「セーラー服と機関銃 卒業」
「セーラー服と機関銃」のその後の物語。監督は前田弘二。
期待はしていなかったとはいえ、とにかく退屈なほどにテンポが悪い。ただ橋本環奈というちょっと可愛い女の子を主役にしての企画程度の一本だった。脇役もいまひとつ面白くないし、映像も幼稚なスローモーション。オリジナル作品へのオマージュだろうか、手持ちカメラと長回しを多用するとはいえ、陳腐な出来栄えを助長するだけでした。
物語は「セーラー服と機関銃」の後日譚。今や解散した目高組はカフェを経営している。ライバルの浜口組とはバランスを取っているはずだったが、ここに如何にもな悪徳実業家と政治家がやってきて、グチャグチャにする。そこで堪忍袋の尾が切れた星泉は再び目高組を起こし、乗り込むというもの。
安藤忠信の悪役もしょぼいし、浜口組幹部の長谷川博己もキャラクターが弱い。しかも武田鉄矢以下星泉の仲間もいかにも弱いので、とにかく映画が薄っぺらくなった。
これで橋本環奈が薬師丸ひろ子ほどのカリスマ性があれば良いのだが、それほどのオーラもなく、前田弘二の演出もありきたりというのがとにかく長く感じてしまった。期待はしてなかったとは言っても寂しい作品でした。
「これが私の人生設計」
ちょっと変わった映画ですが、ハッピーエンドでほのぼの終わるラストシーンが素敵な一本でした。監督はリッカルド・ミラーニです。

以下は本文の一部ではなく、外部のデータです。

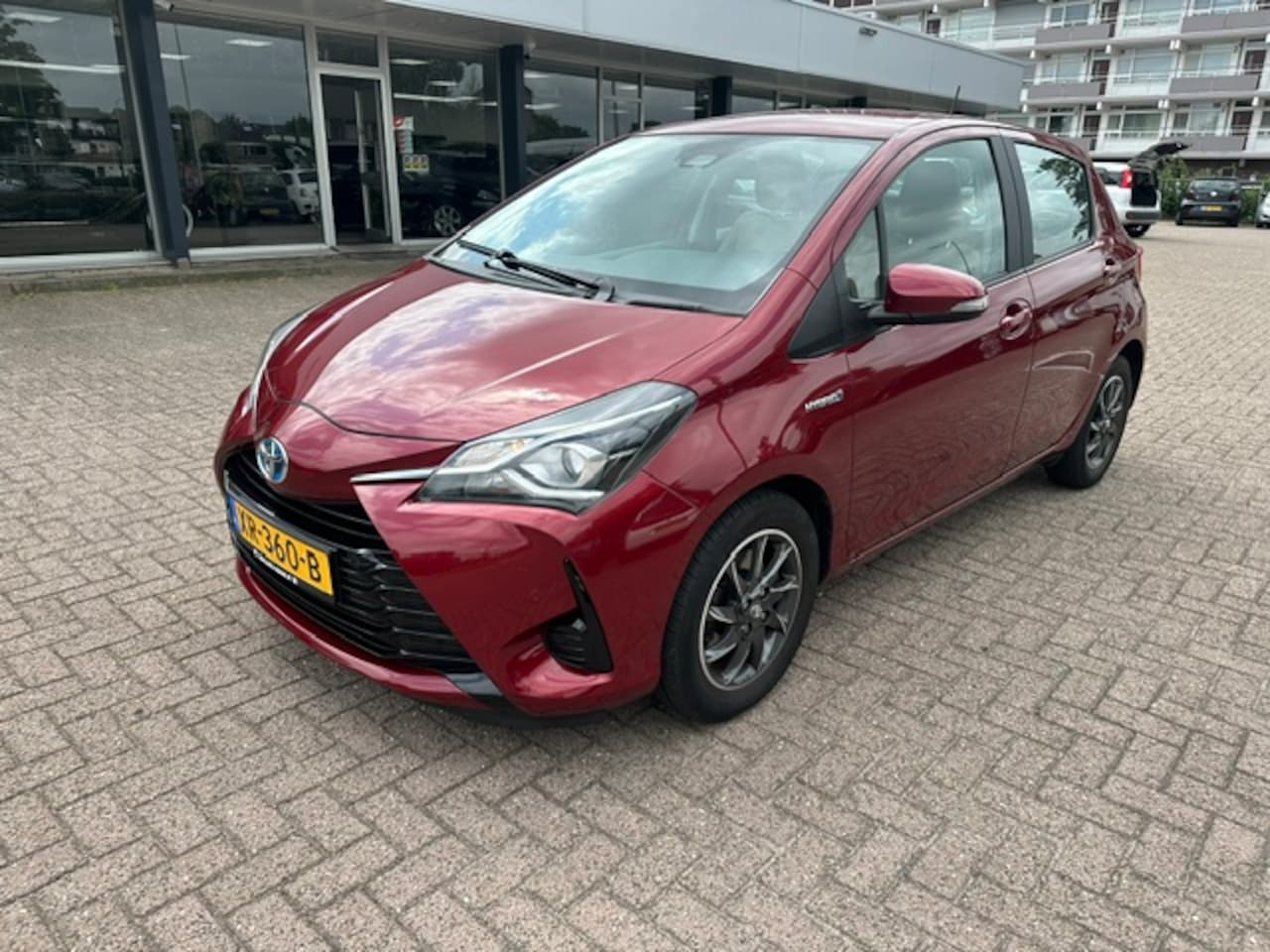 Toyota Yaris - 1.5 Hybrid Active LMv Acamera Cruise Leer Nap - AutoWereld.nl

幼い頃から天才的な建築の才能を見せる主人公セレーナのシーンをハイテンポな映像でポンポンと描いていく。やがて成人になり、世界中をまたにかけての大活躍をするのだが、故郷が恋しくなりイタリアに戻る。ところが、極端な男尊女卑とゲイや妊婦に対する封建的な考えから、まともな仕事に就けず、カフェでバイトをしながら生活をし始める。

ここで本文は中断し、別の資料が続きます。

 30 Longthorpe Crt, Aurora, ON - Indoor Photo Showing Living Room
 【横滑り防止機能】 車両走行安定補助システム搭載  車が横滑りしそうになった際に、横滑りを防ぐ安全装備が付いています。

そんなある日、集合住宅の再開発の公募を見つけた彼女は、たまたま知り合ったカフェのオーナーフランチェスコを上司に見立てて応募する。ところが彼はゲイだった。
こうして、一風変わったドタバタコメディが展開。セレーナが持ち込んだ建築事務所の代表は何もかもに差別的で、社員たちはクビにならないようにそれぞれのプライベートを隠して仕事していた。展開は例によって、セレーナが最後に一括して、何もかもがハッピーエンドになるのですが、フランチェスコの息子とのエピソードや、会社の同僚とのエピソードなどを交え、ちょっとハートフルに展開する様は、なかなか楽しいのです。
ともすると、ゲイであることがばれそうになるフランチェスコや、 やたらうるさいセレーナの叔母さんなどキャラクターも個性的でユーモア満点。
決して、秀作とまではいかないですが、見て楽しい一本という映画だった気がします。